Experimental Ebola Serum Grown in Tobacco Leaves
By Brenda Goodman, MA
Reviewed by Michael W. Smith, MD
Aug. 4, 2014 -- ZMapp, the experimental treatment rushed to two Americans infected with Ebola in Africa, is grown in specially modified leaves of tobacco -- a plant better known for harming health than healing.
"We complied with a request from Emory University and Samaritan's Purse to provide a very limited amount of ZMapp last week," says David Howard, a spokesman for Reynolds American Services, the parent company of Kentucky BioProcessing. The small biopharma company in Owensboro, KY, has been contracted to grow the drug.
Making the serum is slow, in part, because the plants must be grown for several weeks before they are "infected" with a type of protein. "Basically the plants act like a photocopier of the proteins," Howard says.
Once they're infected, Howard says it takes a week for the plants to make enough of the protein to harvest and distill into a useable drug.
"Talk about transforming tobacco," Howard says.
Serum Hadn't Been Used in Humans Before
Based on the interest in the serum, Howard says Kentucky BioProcessing is actively working on ways to scale up its production.
But before it can be used on a wider scale, it must first go through the formal drug approval process with the FDA. Howard says the plan was to begin that process later this year.
The compound used to treat Dr. Kent Brantly and Nancy Writebol was only formulated in January, according to Larry Zeitlin, PhD, president of Mapp Biopharmaceuticals, the California company that co-developed the drug.
It has been tested in monkeys, but had never before been given to human patients before it was rushed to Brantly and Writebol.
Zeitlin says he hasn't even had a chance to publish a scientific paper on the compound, which is a combination of three antibodies that are thought to help in two ways.
One of the antibodies alerts the immune system to infected cells so they can be destroyed, says Erica Ollmann Saphire, Ph.D. She's a professor of immunology at the Scripps Research Institute in La Jolla, CA. She's been given a government grant to study the antibody cocktail.
Saphire says the other two antibodies probably prevent the virus from making more copies of itself. "We're still trying to figure out exactly how it works," she says. "But it seems to neutralize the virus."
Other experts who study Ebola urged caution with reports of Dr. Brantly's dramatic recovery on the drug.
Thomas Geisbert, MD, professor of infectious disease at The University of Texas Galveston Medical Branch, has been studying the Ebola virus since 1988.
He says news accounts that Brantley's rash disappeared in just an hour after receiving a dose of the drug don't make sense to him.
"When I look at a monkey that has a rash from hemorrhagic fever, small blood vessels have already ruptured," Geisbert says. "It takes some time for the skin to recover."
He says other news accounts have stated that Brantly also received blood from a patient who recovered from the infection. That blood might have had protective factors in it.
He says that makes it hard to sort out what might have helped.
"If we can prove that whatever the treatment was worked, that's fantastic," he says. "That's exciting. But I'm cautiously optimistic, because with this particular outbreak, almost 40 percent of patients survive without treatment. So we want to make sure that it wasn't somebody that was going to survive anyway."
But Saphire says the accounts of Brantly's speedy turnaround seem plausible to her.
"It hasn't been used in humans before, so we didn't know what would happen," Saphire says. "But antibodies in general can be very effective."
"I was worried, because in the studies in monkeys, you can save all of them if you treat within 24 hours.
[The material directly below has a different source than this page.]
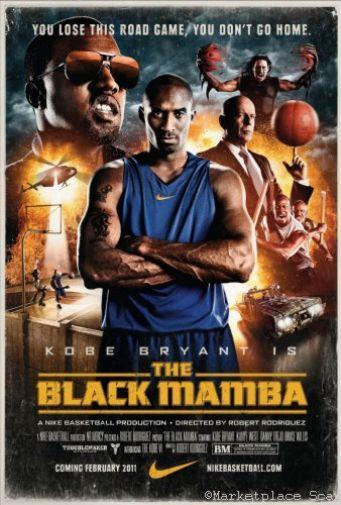 Black Mamba movie poster Sign 8in x 12in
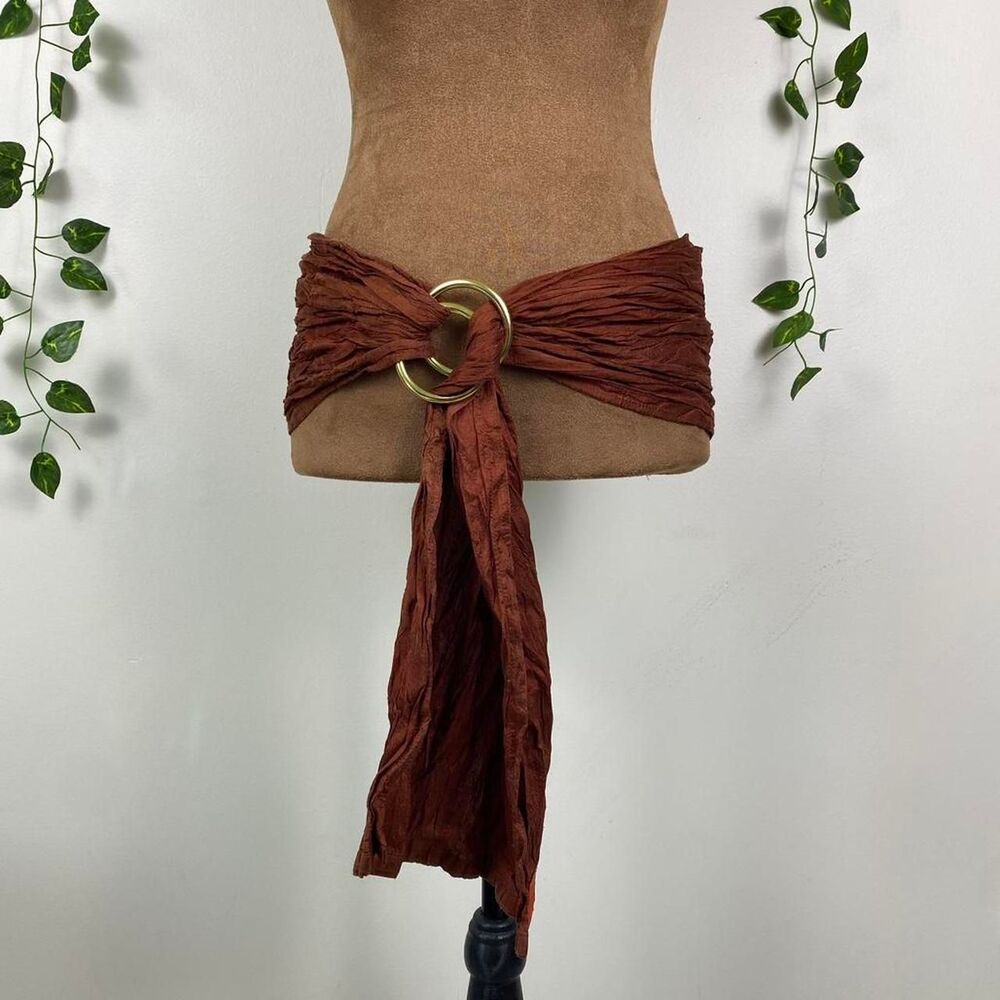 Indie hippie boho gold ring scarf belt multi-wear top pirate costume festival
If you wait several days for disease to develop, you save half," she says. She adds that researchers had their fingers crossed that it wouldn't be too late for Brantly and Writebol, who had been infected for days before they received their doses.
But she says that in the animal experiments, the monkeys were given very high doses of the virus, which may have made it harder to treat.
She says she doesn't know how that would compare to health care workers infected in a clinic setting.
Saphire says she expects the first human trials of ZMapp to begin in 2015.
SOURCES: David Howard, spokesman, Reynolds American Services, North Carolina Larry Zeitlin, Ph.D., president of Mapp Biopharmaceuticals, San Diego, Calif. Erica Ollmann Saphire, Ph.D., a professor of immunology at the Scripps Research Institute in La Jolla, Calif. Thomas Geisbert, MD, professor of infectious disease at The University of Texas Galveston Medical Branch, Galveston, Tex.